Today's generation of the Mettley family bears a name that was brought to England
by the migration wave that was started by the Norman Conquest
of 1066. The Mettley family lived in Methley, Yorkshire
. Methley is situated midway between Leeds and Pontefract and the town dates back to Anglo-Saxon
times.The village of Methley contains a fine church dating from the 14th century with family tombs and medieval carvings which inspired the sculptures of Henry Moore.
Early Origins of the Mettley family
The surname Mettley was first found in Yorkshire
from very ancient times. At the taking of the Domesday Book
in 1086 the village of Methley, midway between Leeds and Pontefract, was held by Ilbert de Lacy, a Norman noble who accompanied King William in his conquest of England
at Hastings in 1066. The village of Methley contains a fine church dating from the 14th century with family tombs and medieval carvings which inspired the sculptures of Henry Moore.

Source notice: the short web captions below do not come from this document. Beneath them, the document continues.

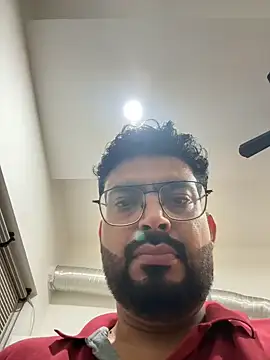 Snapshot of hot_rajat chatting on May 2026 04:36:01 PM hot rajat online show from May 2026 04:36:01 PM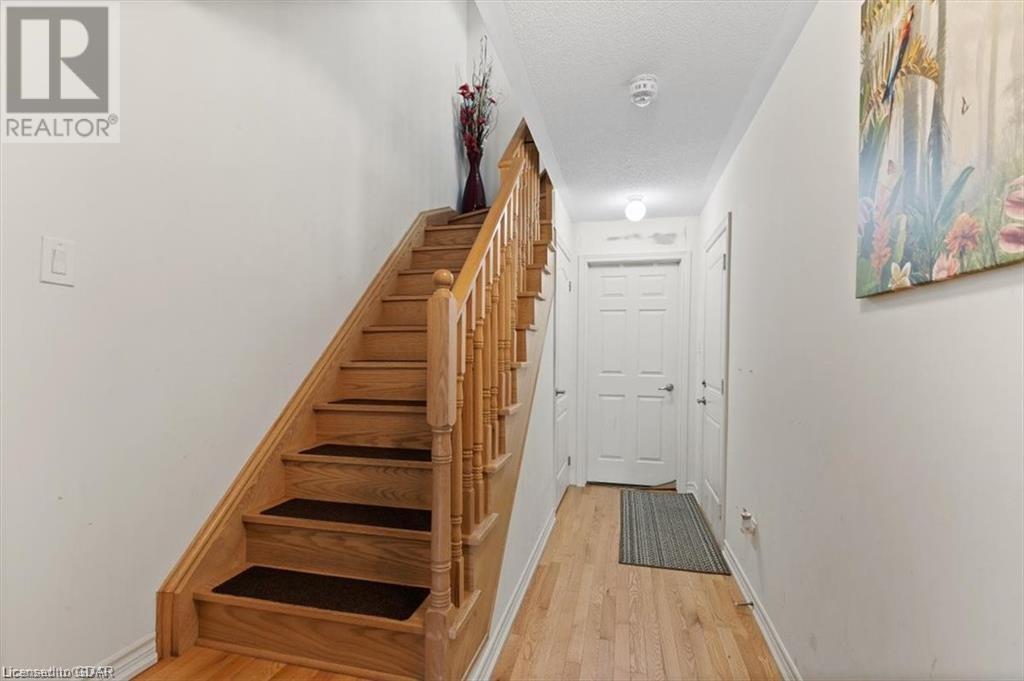 15 Autumnwood Avenue Unit# 8, Brampton, Ontario  L6Y 6G3 - Photo 25 - 40551170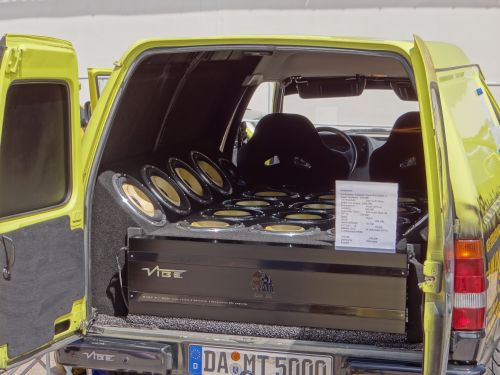 EASCA Erfurt 2012 060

Early History of the Mettley family
This web page shows only a small excerpt of our Mettley research.Another 217 words (16 lines of text) covering the years 1379 and 1614 are included under the topic Early Mettley History in all our PDF Extended History products and printed products wherever possible.
Mettley Spelling Variations
Before English spelling was standardized a few hundred
years ago, spelling variations
of names were a common occurrence. Elements of Latin, Norman French and other languages became incorporated into English throughout the Middle Ages, and name spellings changed even among the literate. The variations of the surname Mettley include Methley, Methly, Mettley, Meythly, Methelay, Methlay and many more.
Early Notables of the Mettley family (pre 1700)
More information is included under the topic Early Mettley Notables in all our PDF Extended History products
and printed products wherever possible.
Migration of the Mettley family to the New World and Oceana
at this time, the uncertainty of the political and religious environment of the time caused many families to board ships for distant British colonies in the hopes of finding land and opportunity, and escaping persecution. The voyages were expensive, crowded, and difficult, though, and many arrived in North America sick, starved, and destitute. Those who did make it, however, were greeted with greater opportunities and freedoms that they could have experienced at home. Many of those families went on to make important contributions to the young nations in which they settled. Early immigration records have shown some of the first Mettleys to arrive on North American shores: Charles Methelay arrived in New York in 1891.